Over the past three decades, Mesa Land Trust has helped to protect nearly 100 square miles for agricultural uses, wildlife habitat and open spaces.
“We are so pleased that Alpine Bank continues to support our enviable quality of life,” said Rob Bleiberg, executive director of the Mesa Land Trust.
“This partnership reflects the important connection between local business growth and trail-based recreation,” Bleiberg added. “Trail opportunities and walkable and bikable lifestyles attract users of all ages to the Grand Valley to both visit and live.”

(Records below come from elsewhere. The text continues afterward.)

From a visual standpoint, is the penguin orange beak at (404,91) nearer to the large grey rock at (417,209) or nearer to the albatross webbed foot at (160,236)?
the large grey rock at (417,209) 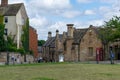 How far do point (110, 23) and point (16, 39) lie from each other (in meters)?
27.4

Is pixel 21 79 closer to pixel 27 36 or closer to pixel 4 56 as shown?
pixel 4 56

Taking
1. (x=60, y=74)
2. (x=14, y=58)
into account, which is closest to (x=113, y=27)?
(x=14, y=58)

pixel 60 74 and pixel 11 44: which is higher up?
pixel 11 44

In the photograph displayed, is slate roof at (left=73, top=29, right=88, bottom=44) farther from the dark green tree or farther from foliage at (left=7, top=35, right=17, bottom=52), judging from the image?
foliage at (left=7, top=35, right=17, bottom=52)

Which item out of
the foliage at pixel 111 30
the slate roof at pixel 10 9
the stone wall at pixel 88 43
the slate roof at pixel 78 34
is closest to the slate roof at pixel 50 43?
the slate roof at pixel 78 34

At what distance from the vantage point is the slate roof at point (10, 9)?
10069 centimetres

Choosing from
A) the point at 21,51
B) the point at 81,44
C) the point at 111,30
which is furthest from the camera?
the point at 21,51

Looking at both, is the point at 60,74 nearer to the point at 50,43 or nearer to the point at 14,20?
the point at 14,20

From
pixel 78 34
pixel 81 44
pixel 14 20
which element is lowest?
pixel 81 44

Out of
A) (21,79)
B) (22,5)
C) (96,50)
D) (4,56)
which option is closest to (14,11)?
(22,5)

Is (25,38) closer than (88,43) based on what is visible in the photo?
No

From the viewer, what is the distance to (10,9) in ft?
338

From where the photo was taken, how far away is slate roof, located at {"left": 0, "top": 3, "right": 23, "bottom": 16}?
101 metres

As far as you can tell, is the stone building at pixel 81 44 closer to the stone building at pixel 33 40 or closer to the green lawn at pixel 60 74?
the stone building at pixel 33 40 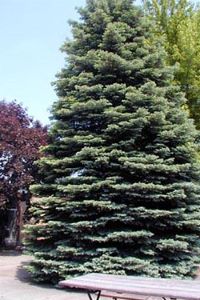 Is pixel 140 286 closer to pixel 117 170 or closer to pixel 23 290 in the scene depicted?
pixel 23 290

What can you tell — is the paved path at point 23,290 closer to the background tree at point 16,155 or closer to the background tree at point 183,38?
the background tree at point 16,155

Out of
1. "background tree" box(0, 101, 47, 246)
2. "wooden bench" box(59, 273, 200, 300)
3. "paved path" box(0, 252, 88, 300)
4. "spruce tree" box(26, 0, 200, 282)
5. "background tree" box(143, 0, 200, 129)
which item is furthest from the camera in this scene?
"background tree" box(143, 0, 200, 129)

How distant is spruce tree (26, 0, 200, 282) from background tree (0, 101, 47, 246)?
3.78 metres

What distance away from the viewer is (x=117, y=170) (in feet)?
28.7

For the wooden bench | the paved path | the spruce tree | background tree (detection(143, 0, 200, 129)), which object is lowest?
the paved path

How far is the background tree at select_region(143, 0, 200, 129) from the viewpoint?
13.6 metres

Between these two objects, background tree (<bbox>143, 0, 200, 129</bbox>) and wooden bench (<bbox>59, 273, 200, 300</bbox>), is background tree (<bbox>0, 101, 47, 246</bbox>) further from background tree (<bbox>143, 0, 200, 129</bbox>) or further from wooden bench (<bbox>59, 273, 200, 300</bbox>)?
wooden bench (<bbox>59, 273, 200, 300</bbox>)

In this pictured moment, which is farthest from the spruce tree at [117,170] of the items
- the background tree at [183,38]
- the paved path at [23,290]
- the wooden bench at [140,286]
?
the background tree at [183,38]

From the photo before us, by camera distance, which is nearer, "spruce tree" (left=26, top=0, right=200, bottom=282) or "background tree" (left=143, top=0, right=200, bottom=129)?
"spruce tree" (left=26, top=0, right=200, bottom=282)

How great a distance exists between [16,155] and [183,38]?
6668mm

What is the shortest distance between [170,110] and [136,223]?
269 cm

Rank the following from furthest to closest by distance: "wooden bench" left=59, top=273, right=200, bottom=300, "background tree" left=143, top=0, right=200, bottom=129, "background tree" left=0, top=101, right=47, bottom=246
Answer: "background tree" left=143, top=0, right=200, bottom=129 → "background tree" left=0, top=101, right=47, bottom=246 → "wooden bench" left=59, top=273, right=200, bottom=300

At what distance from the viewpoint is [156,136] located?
29.8 ft

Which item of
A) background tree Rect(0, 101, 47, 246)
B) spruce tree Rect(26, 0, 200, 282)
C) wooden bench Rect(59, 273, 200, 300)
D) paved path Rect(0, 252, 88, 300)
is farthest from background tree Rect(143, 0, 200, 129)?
wooden bench Rect(59, 273, 200, 300) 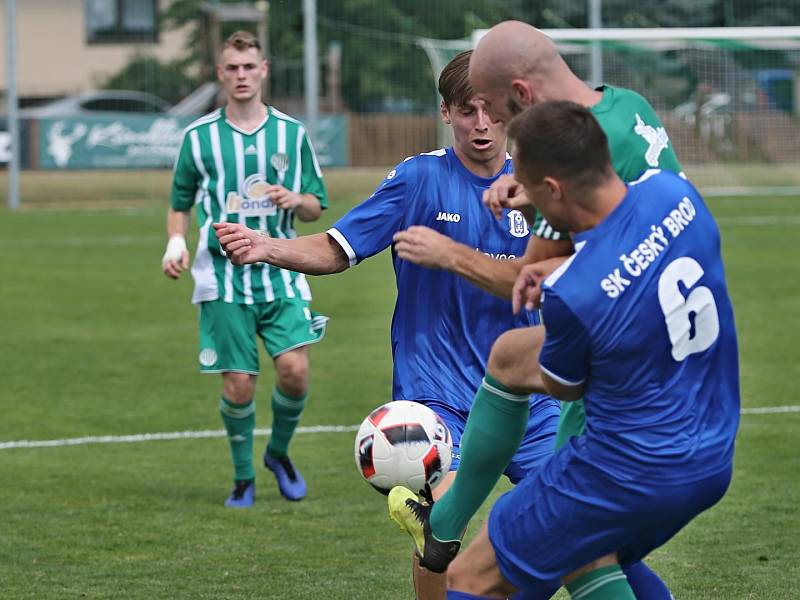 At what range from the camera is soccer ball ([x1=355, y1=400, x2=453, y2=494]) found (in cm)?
459

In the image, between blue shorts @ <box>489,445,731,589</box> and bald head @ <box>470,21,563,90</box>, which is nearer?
blue shorts @ <box>489,445,731,589</box>

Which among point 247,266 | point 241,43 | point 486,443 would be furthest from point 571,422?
point 241,43

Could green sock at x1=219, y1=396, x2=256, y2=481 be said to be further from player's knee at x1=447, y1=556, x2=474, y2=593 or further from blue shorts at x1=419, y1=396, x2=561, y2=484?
player's knee at x1=447, y1=556, x2=474, y2=593

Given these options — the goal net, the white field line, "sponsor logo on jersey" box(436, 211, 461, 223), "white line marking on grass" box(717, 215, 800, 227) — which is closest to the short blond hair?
the white field line

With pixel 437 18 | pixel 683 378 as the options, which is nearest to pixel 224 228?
pixel 683 378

In addition to matching donations, Alpine Bank will donate $5 for every person who posts an image of their favorite biking or hiking spot in the Grand Valley on the Alpine Bank Facebook page or tags the bank at @alpinebank on Instagram along with the hashtag #banklocalbankAlpine through Aug. 30. The person who posts the image with the most likes on both Facebook and Instagram will receive a $100 Alpine Bank Visa gift card.
Through Oct. 1, Alpine Bank will donate $10 to the Bookends project for every person who opens a personal checking account with an environmental loyalty debit card.
Each time a customer uses a loyalty debit card, Alpine Bank donates 10 cents to local nonprofit groups.
“It’s a great way to give back,” Hawkins said. “Customers can choose a card that focuses on arts, education, environment, community and Americas. By encouraging the environmental card, we’ll be able to continue to support organizations like the Mesa Land Trust.”
Headquartered in Glenwood Springs, Alpine Bank operates 37 locations across Colorado.